В герое «Кавказского пленника» с восторгом узнавали себя все современники Пушкина, но кто бы согласился узнать себя в Евгении «Медного всадника»?
2К числу зрелых произведений Пушкина, не услышанных не только современниками, но и друзьями поэта[13], относятся его «Маленькие трагедии». Быть может, ни в одном из созданий мировой поэзии грозные вопросы морали не поставлены так резко и сложно, как в «Маленьких трагедиях» Пушкина. Сложность эта бывает иногда столь велика, что в связи с головокружительным лаконизмом даже как будто затемняет смысл и ведет к различным толкованиям (например, развязка «Каменного гостя»). Мне кажется, объяснение этому дает сам Пушкин в заметке о Мюссе (24 октября 1830 года), где он хвалит автора «Contes d’Espagne et d’Italic» за отсутствие морализирования и вообще не советует «ко всякой всячине приклеивать нравоучения» (XI, 175–176). Это наблюдение дает отчасти ключ к пониманию якобы шутливой концовки «Домика в Коломне» (9 октября 1830 г.):
Да нет ли хоть у вас нравоученья?
Нет… или есть: минуточку терпенья…
Вот вам мораль…
(V. 93)и далее следует явно вызывающая пародия на нравоучительную концовку («Больше ничего // Не выжмешь из рассказа моего»).
Понятно, что для поэта, так поставившего вопрос о морализировании, многие обычные пути изображения страстей были закрыты. Все сказанное выше в особенности относится к «Каменному гостю», который все же является обработкой мировой темы возмездия, а у предшественников Пушкина, касавшихся этой темы, не было недостатка в прямом морализировании.
Пушкин идет другим путем. Ему надо, с первых же строк и не прибегая к морализированию, убедить читателя в необходимости гибели его героя. Что и для Пушкина «Каменный гость» – трагедия возмездия, доказывает уже само выбранное им заглавие («Каменный гость», а не «Дон Жуан»). Поэтому все действующие лица – Лаура, Лепорелло, Дон Карлос и Дона Анна – только и делают, что готовят и торопят гибель Дон Гуана.

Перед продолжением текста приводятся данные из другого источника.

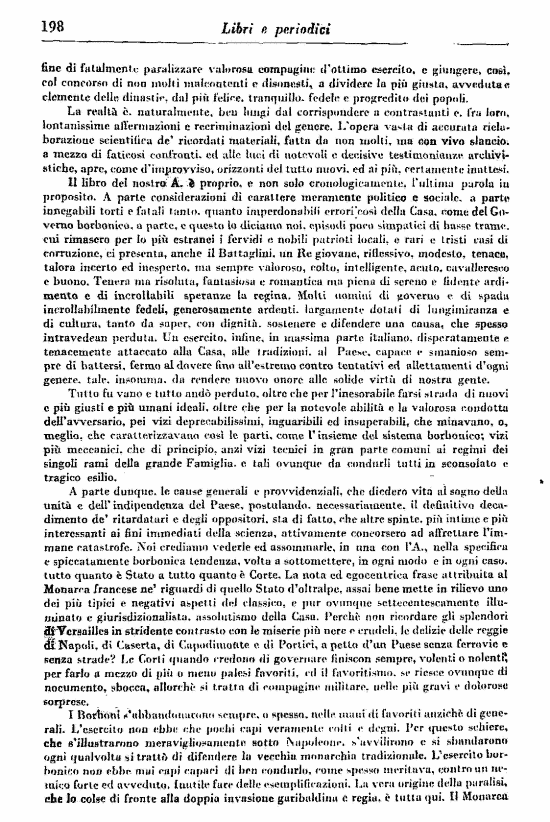 immagine non disponibile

О том же неустанно хлопочет и сам герой:
Все к лучшему: нечаянно убив
Дон Карлоса, отшельником смиренным
Я скрылся здесь…
(VII, 153)А Лепорелло говорит:
…Ну, развеселились мы.
Недолго нас покойницы тревожат.
(VII, 140)После проделанной пушкинистами работы мы знаем, чем похож пушкинский Дон Гуан на своих предшественников. И теперь имеет смысл определить, в чем он самобытен.

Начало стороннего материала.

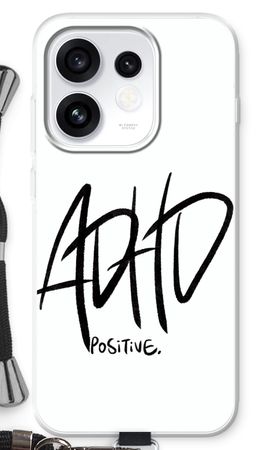 ADHD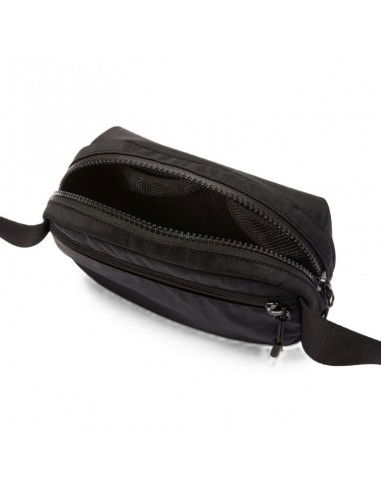 Nike Aura HM6120010 waist bag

Характерно для Пушкина, что о богатстве Дон Гуана упомянуто только раз и вскользь, в то время как для Дапонте и для Мольера это существенная тема. Пушкинский Гуан и не дапонтовский богач, который хочет «наслаждаться за свои деньги», и не мольеровский унылый резонер, обманывающий кредиторов. Пушкинский Гуан – испанский гранд, которого при встрече на улице не мог не узнать король. Внимательно читая «Каменного гостя», мы делаем неожиданное открытие: Дон Гуан – поэт. Его стихи, положенные на музыку, поет Лаура, а сам Гуан называет себя «Импровизатором любовной песни» (VII, 153).

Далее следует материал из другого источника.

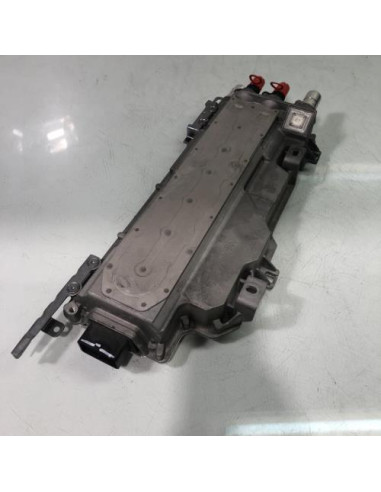 Batterie BMW SERIE 5 G30 PHASE 1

Это приближает его к основному пушкинскому герою: «Наши поэты не пользуются покровительством господ; наши поэты сами господа…» – говорит в «Египетских ночах» Чарский, повторяя излюбленную мысль Пушкина (VIII, 1, 266). Насколько знаю, никому не приходило в голову делать своего Дон Жуана поэтом.
Сама ситуация завязки трагедии очень близка Пушкину. Тайное возвращение из ссылки – мучительная мечта Пушкина 20-х годов. Оттого-то Пушкин и перенес действие из Севильи (как было еще в черновике – Севилья извечный город Дон Жуана) в Мадрид: ему была нужна столица. О короле Пушкин, устами Дон Гуана, говорит:
Пошлет назад.
Уж верно головы мне не отрубят.
Ведь я не государственный преступник.
(VII, 138)Читай – политический преступник, которому за самовольное возвращение из ссылки полагается смертная казнь. Нечто подобное говорили друзья самому Пушкину, когда он хотел вернуться в Петербург из Михайловского[14]. А пушкинский Лепорелло по этому поводу восклицает, обращаясь к своему барину: «Сидели б вы себе спокойно там» (VII, 138).
Пушкин, правда, не ставит своего Дон Гуана в самое смешное и постыдное положение всякого Дон Жуана – его не преследует никакая влюбленная Эльвира и не собирается бить никакой ревнивый Мазетто; он даже не переодевается слугой, чтобы соблазнить горничную (как в опере Моцарта); он герой до конца, но эта смесь холодной жестокости с детской беспечностью производит потрясающее впечатление. Поэтому пушкинский Гуан, несмотря на свое изящество[15] и свои светские манеры, гораздо страшнее своих предшественников.